The Federal Government is continuing to send messages throwing the future of scheduled superannuation guarantee (SG) increases into doubt with the Treasurer, Josh Frydenberg, arguing that a higher SG will come at the cost of lower wages growth.
Drawing upon the findings of the Retirement Income Review (RIR), Frydenberg has argued to a business forum that the trade-off in terms of lower wages is undeniable and said that it was something that both he and the Prime Minister, Scott Morrison, were considering in the context of the May Budget.
“As I have said previously, this is not rocket science, anybody who denies that there is a trade-off is effectively a “flat-earther”,” the Treasurer said.
Pointing to the findings of the RIR, Frydenberg said that for a median earner, increasing the superannuation guarantee could increase their retirement income by $33,000, but lower their working-life income by around $32,000.
“Given the compulsory nature of superannuation, this is a trade-off that the system imposes, not one which individuals can choose for themselves.

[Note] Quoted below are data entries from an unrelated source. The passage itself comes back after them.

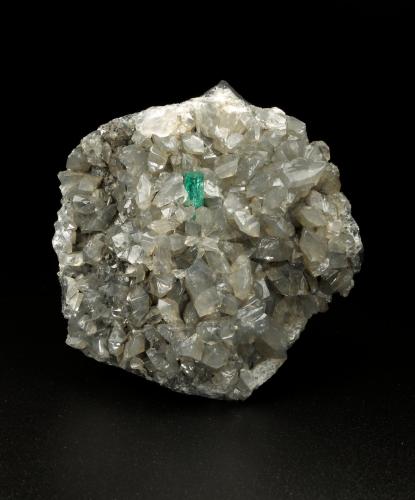 Beryl (variety emerald), Calcite, Dolomite<br />Muzo mining district, Western Emerald Belt, Boyacá Department, Colombia<br />54x53x31mm, xl=5mm<br /> (Author: Fiebre Verde)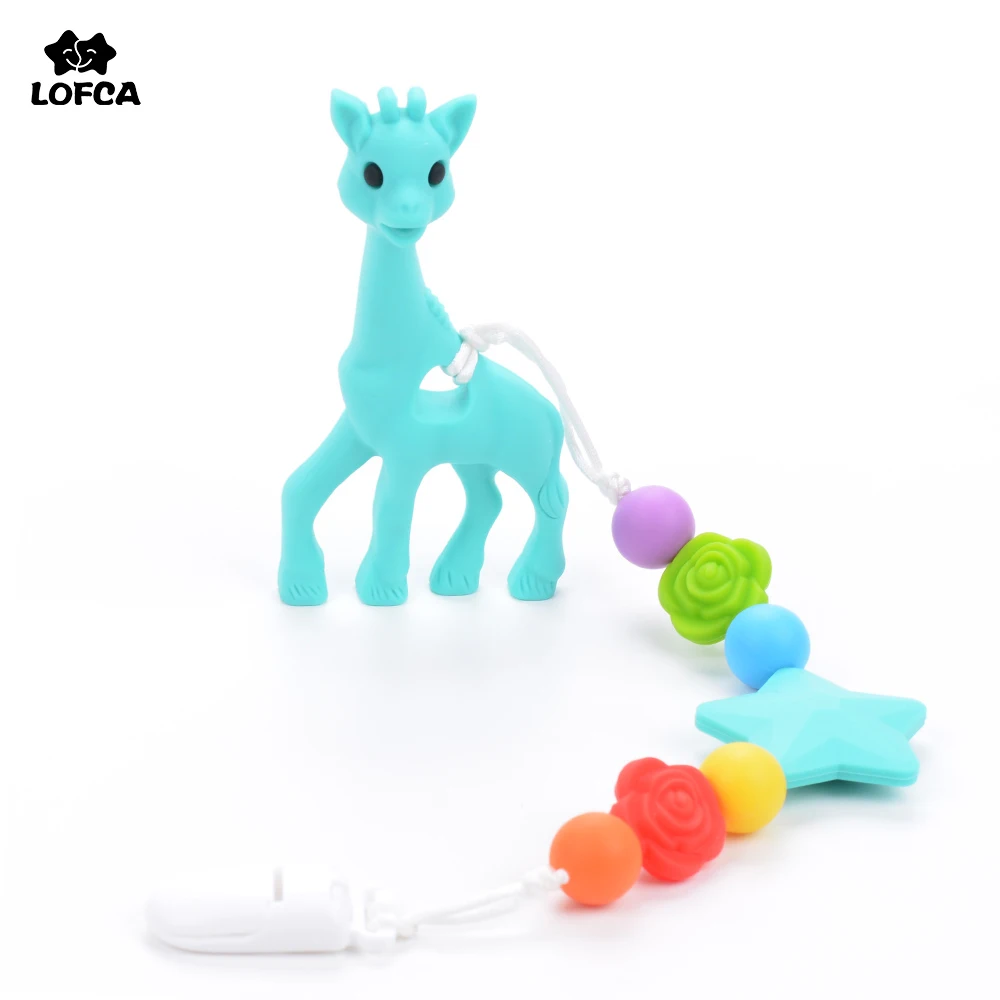 

Silicone Giraffe Teething Pacifier Clip BPA Free Giraffe Teether Toy Silicone Teething Accessory Baby Carrier Chew Pacifier Clip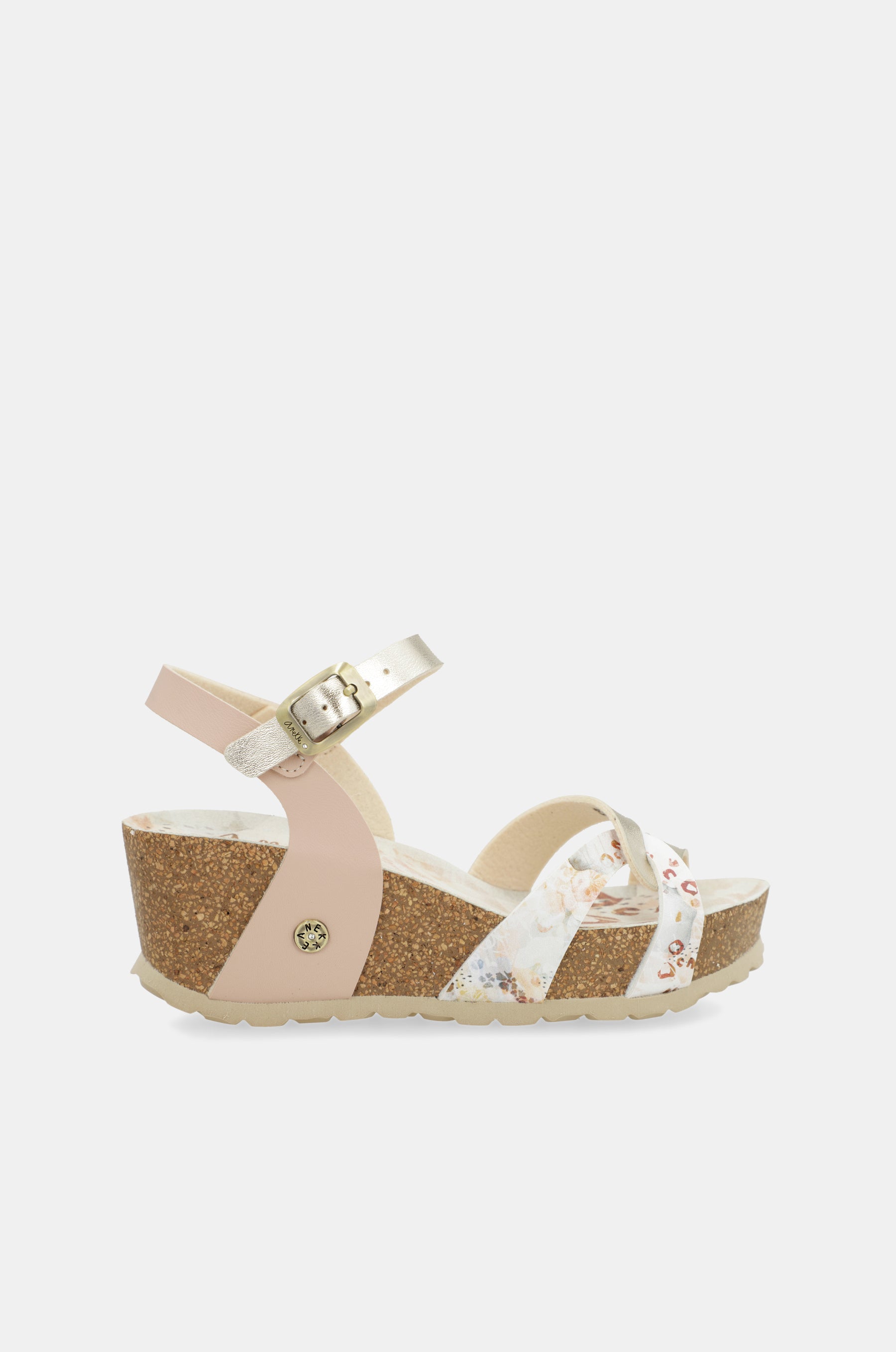 Keilsandalen bio mit weißen Riemen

Were it not for compulsion, it would be a matter for each individual to decide how much of today’s income they are prepared to save for their retirement.”
He said it was simply not true, “as some would have us believe, that there is virtually no limit to how high the superannuation guarantee can be increased in the name of delivering ever higher retirement incomes”.

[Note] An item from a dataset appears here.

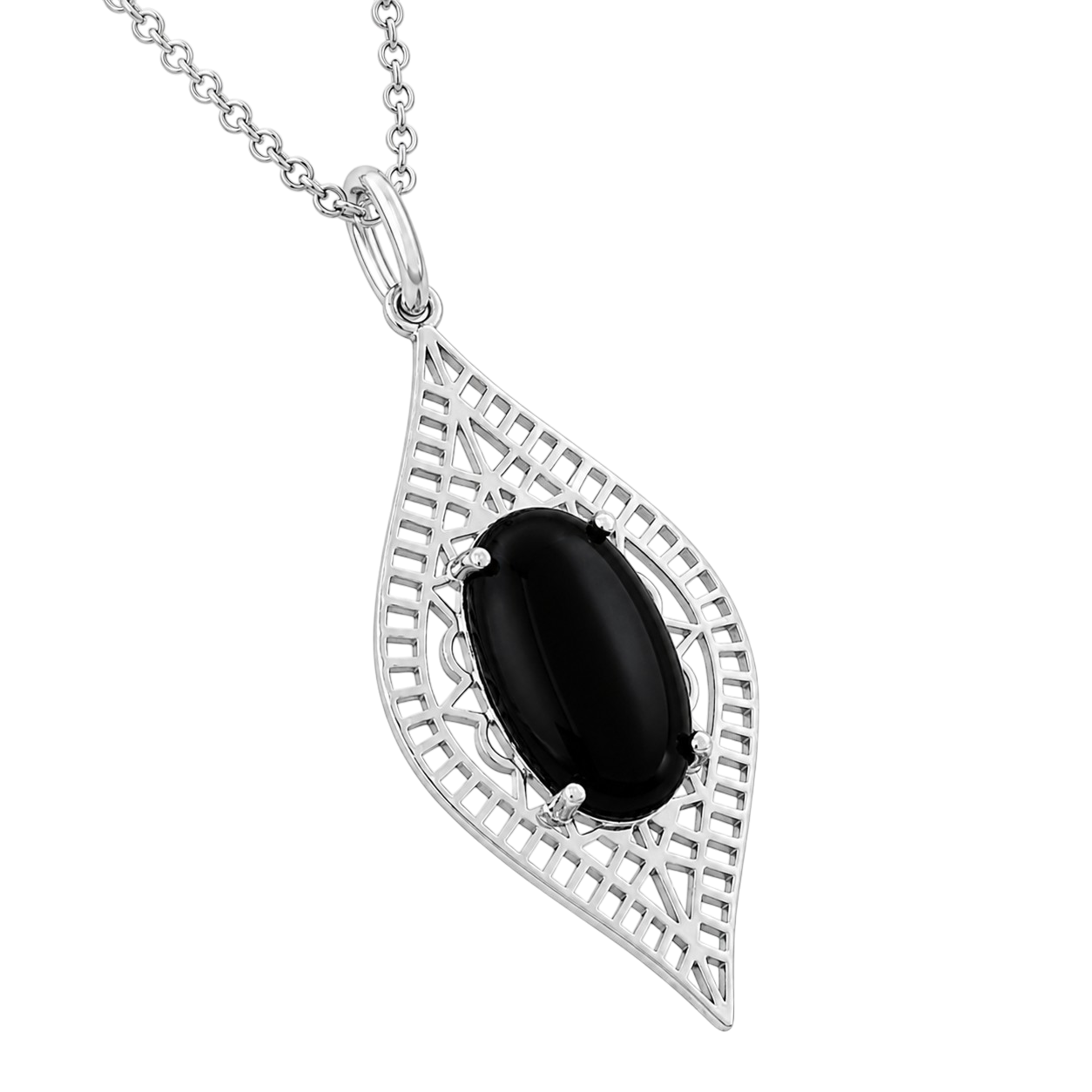 Collier Onyx Noir & Argent 925 Rhodié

“Indeed, for some, there isn’t a problem that cannot be solved through a higher rate of compulsory superannuation,” Frydenberg said. “These myths do nothing to help Australians plan for retirement, to feel more confident or to be more secure in their retirement.”:
“Indeed, as the Review noted, the people most affected by high default settings are not the most-well off: ‘People with lower incomes are particularly vulnerable when compulsory savings rates are set too high’, noting that it ‘could increase pressure on lower‑income earners during working life through lower incomes’.”
“This important observation sits alongside a key finding of the Review with respect to superannuation, which is that “If people efficiently use their assets, then with the SG rate remaining at 9.5%, most could achieve adequate retirement incomes when combined with the Age Pension. They could achieve a better balance between their working life and retirement incomes.
“This is why, as the Prime Minister and I have said, we must rightly carefully consider the implications of the legislated increase to the superannuation guarantee before 1 July this year – even more so at a time when our economy is recovering from the largest economic shock since the Great Depression.”